Can a painting be *false* by not depicting reality? Suppose that some painter paints something that really happened, but adds or subtracts details that do not correspond to reality. Or suppose that the painter not only does that, but adds a title that makes it cleat that the painting to the real event. Or think about "photoshopped" photos. The reason why I am asking this is that I often read on the internet that (only?) sentences and "propositions" can be true or false, and a painting is not a sentence nor a proposition.

A nice question.

Suppose a painter paints a scene with a person in it. Apart from very special circumstances, we wouldn't take this to be a matter of the painter telling us that the event really happened and the person depicted was really there. It might be that a real person is depicted who really was in the place pictured. But that's not how paintings are ordinarily intended, and it's not how they're ordinarily understood. Calling the painting false because what it asks us to imagine never really happened would be a bit like saying that the Sherlock Holmes stories are false because there was never any such person as Sherlock Holmes.

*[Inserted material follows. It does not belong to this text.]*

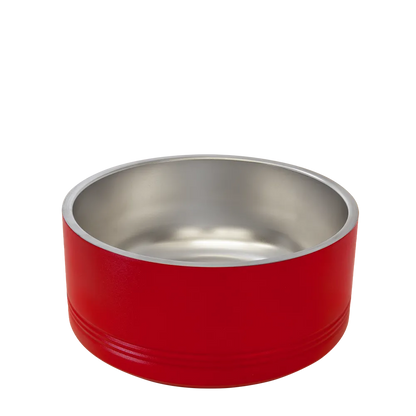 Polar Camel Pet Bowl 64 oz Red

Of course, a painter could use a painting as a way of conveying information intended to be factual. I take that to be the point of your example. And in many cases, some aspects of paintings are intended in just that way. Suppose a portrait depicts a blue-eyed person as having brown eyes. Depending on the larger story, this might be a genuine inaccuracy in the painting. We could certainly say things like "the painting gets it wrong," and no one would be confused.

The case of the doctored photo is a good one. Pictures are often used as a way of conveying information, and they can be used deceptively. I can lie by using a picture. That means I can use a picture as a way of asserting a proposition that I know is false.

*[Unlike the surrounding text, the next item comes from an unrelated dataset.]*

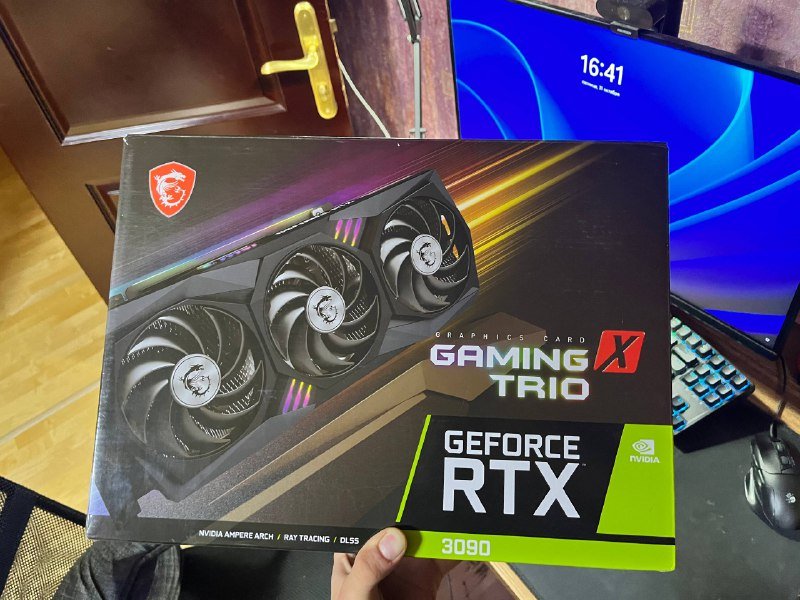Видеокарта Geforce MSI Gaming X Trio RTX 3090 24 GB 3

So why not say that in such cases, the painting is false? We could, I suppose, and there could even be a set of conventions governing the use of the words "true" and "false" when applied to paintings. That said, it's not hard to see some reasons why we don't do that. Close enough for present purposes, the content of a proposition is definite. And in typical cases, which proposition a sentence is used to assert is unambiguous. "Schenectady is in New York" is a good example. There's very little ambiguity, if any, about what proposition someone is asserting when they use this sentence, and so the question of whether the sentence is true or false has a clear answer. The semantics of sentences like this is reasonably clear and the way in which they can be combined with other sentences to produce yet other sentences more complex truth-conditions is clear. That's not so for pictures. We can use sentences to assert disjunctions ("or" statements), negations, conditionals, etc. What sort of picture would say that Mary has one or two children? Or that if Mary gets to work late, she will be fired? We can dream up ways of doing this, no doubt, but we'll mostly do it ad hoc.

Or for that matter: which features of pictures would we take to be part of what's asserted? Again, in particular cases we could have ad hoc rules that settled the question. But when pictures are used to make assertions, it will be a matter of some features of the picture being used in this way, even though other features that equally well could have been used to make assertions aren't.

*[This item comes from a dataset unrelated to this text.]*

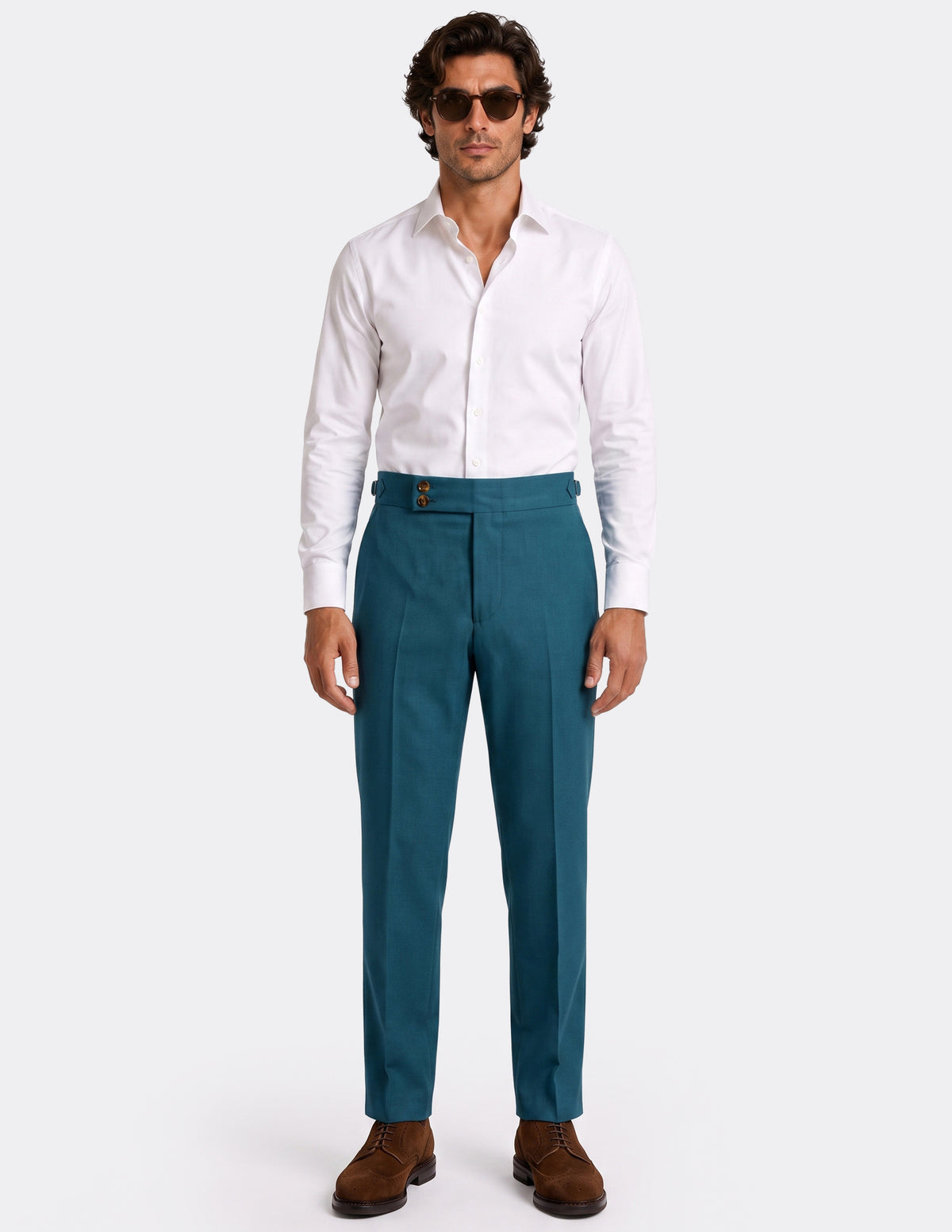 The Cannes Teal DB Trousers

To tie all this up, one important difference between pictures and sentences is that sentences usually have a reasonably clear syntax and a reasonably well-settled semantics. (I don't mean that the theory of syntax and semantics is well-settled; I mean that in practice we can generally agree on the structure of actual sentences, and we can generally agree on what they do and don't mean.) This allows us to talk about truth and falsity in a precise and structured way. Pictures often have rich representational content, but it's a considerable stretch to say that there's a full-blown syntax and semantics for pictures. This doesn't mean that we can never apply terms like "false" to a picture, but pictures are very different from the sorts of things to which we paradigmatically apply words like "true" and "false."

A nice question. Suppose a painter paints a scene with a person in it. Apart from very special circumstances, we wouldn't take this to be a matter of the painter telling us that the event really happened and the person depicted was really there. It might be that a real person is depicted who really was in the place pictured. But that's not how paintings are ordinarily intended, and it's not how they're ordinarily understood. Calling the painting false because what it asks us to imagine never really happened would be a bit like saying that the Sherlock Holmes stories are false because there was never any such person as Sherlock Holmes. Of course, a painter could use a painting as a way of conveying information intended to be factual. I take that to be the point of your example. And in many cases, some aspects of paintings are intended in just that way. Suppose a portrait depicts a blue-eyed person as having brown eyes. Depending on the larger story, this might be a genuine inaccuracy in the...

I have read that the statement "There is no absolute truth" is self-refuting

I have read that the statement "There is no absolute truth" is self-refuting because it relies on absolute truth to be true. I have also read that the idea expressed in the previous statement commits the fallacy of begging the question. I am thoroughly confused by the debate here...?

Relativists do seem to be in trouble with having to live with a relative notion of truth for their own claims. But I am not sure that Allen's worries are decisive. Suppose the claim is that there are no absolute truths, but there are truths relative to standards that you and I accept. You can try insisting that you adhere to a valid standard according to which my claim is false. But then we could argue about whether that is right. Insisting is one thing, being rationally persuasive is another. Similarly, I might claim that a given proposition really will be true by some standards and really will be false by other standards and further say that that claim itself is true relative to standards that we both accept .. but false by others.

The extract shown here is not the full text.